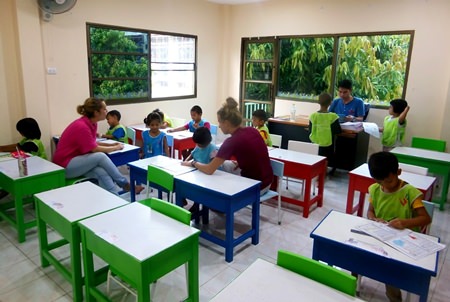 Here, volunteers are teaching the children to read and write.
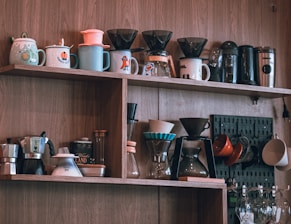 Coffee brewing equipment displayed on wooden shelves.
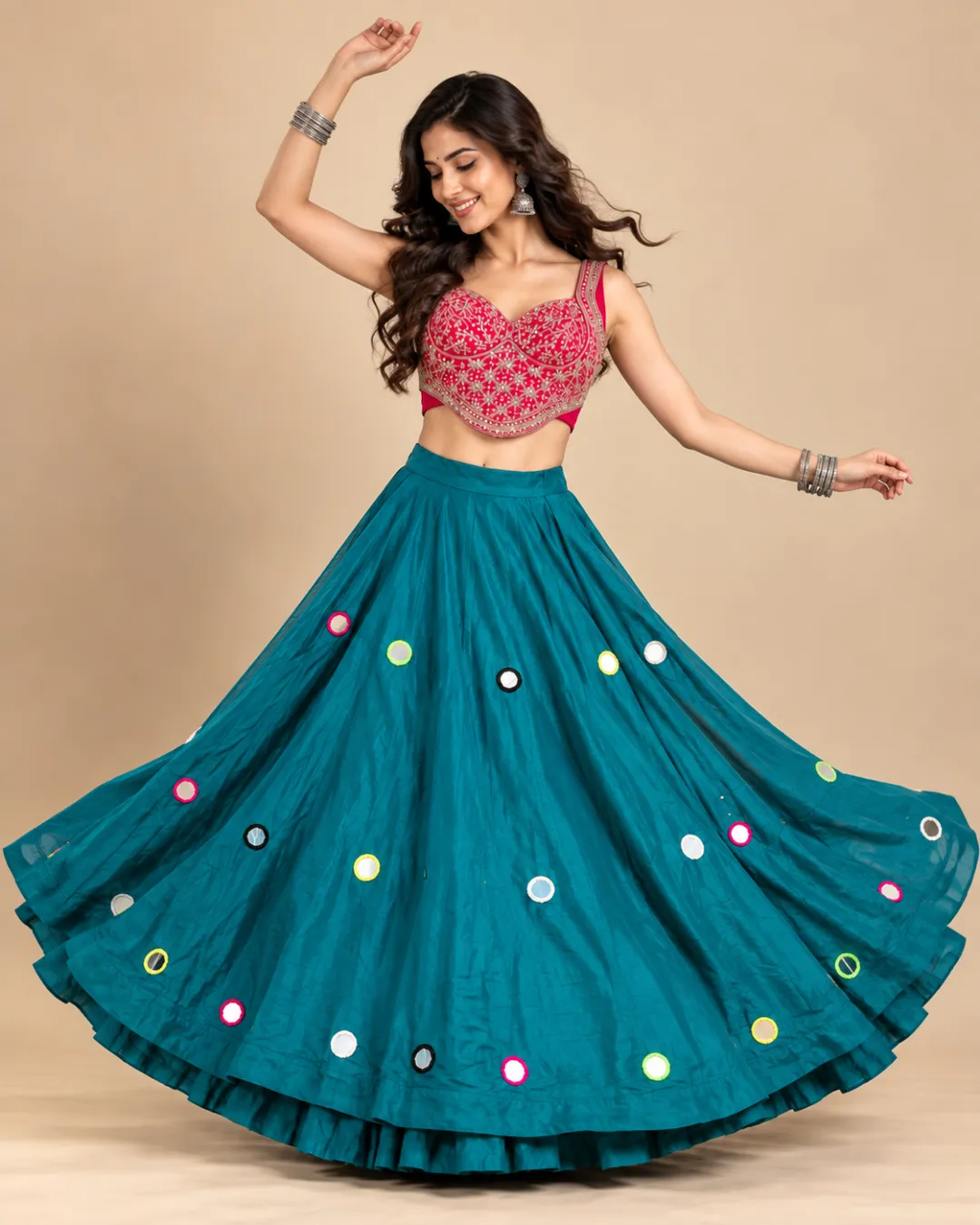 Teal Mirror Work Lehenga with Pink Embroidered Choli — mid-turn with the ruffle hem lifting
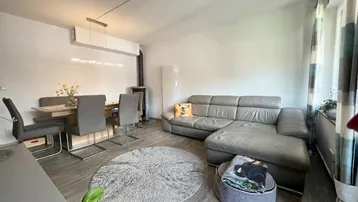 Helles Wohn- und Esszimmer mit modernem Sofa, Esstisch und einem Kaminofen.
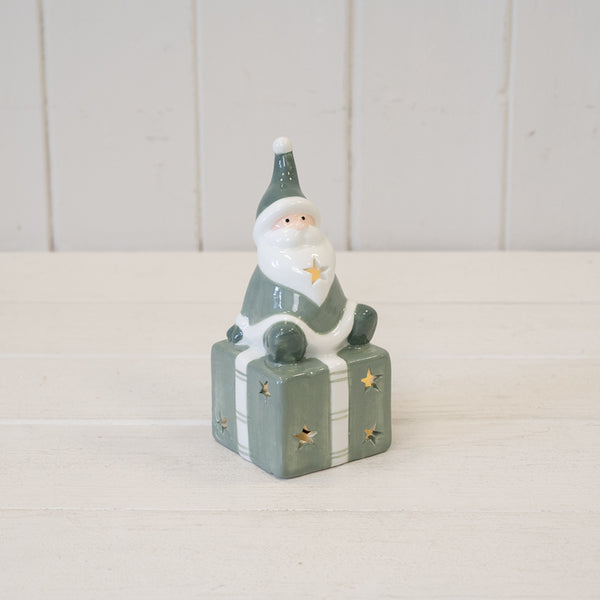 Nordic Green Santa sitting on LED Present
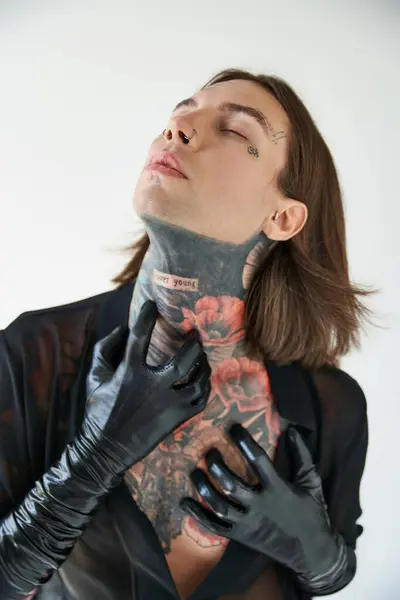Vertical shot of sexy man with tattoos in transparent shirt with hands in leather gloves on neck — Stock Photo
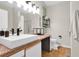 Modern bathroom featuring a vessel sink and a walk-in shower at 5751 E Hacienda Ave # 119, Las Vegas, NV 89122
- - - -
• **Task objective**:
Each line from the one holding "Nordic Green Santa sitting on LED Present" to the end of the records above must be copied exactly; the pictures must not be copied.

• **Reply to the exercise**:
 Nordic Green Santa sitting on LED Present
Vertical shot of sexy man with tattoos in transparent shirt with hands in leather gloves on neck — Stock Photo
 Modern bathroom featuring a vessel sink and a walk-in shower at 5751 E Hacienda Ave # 119, Las Vegas, NV 89122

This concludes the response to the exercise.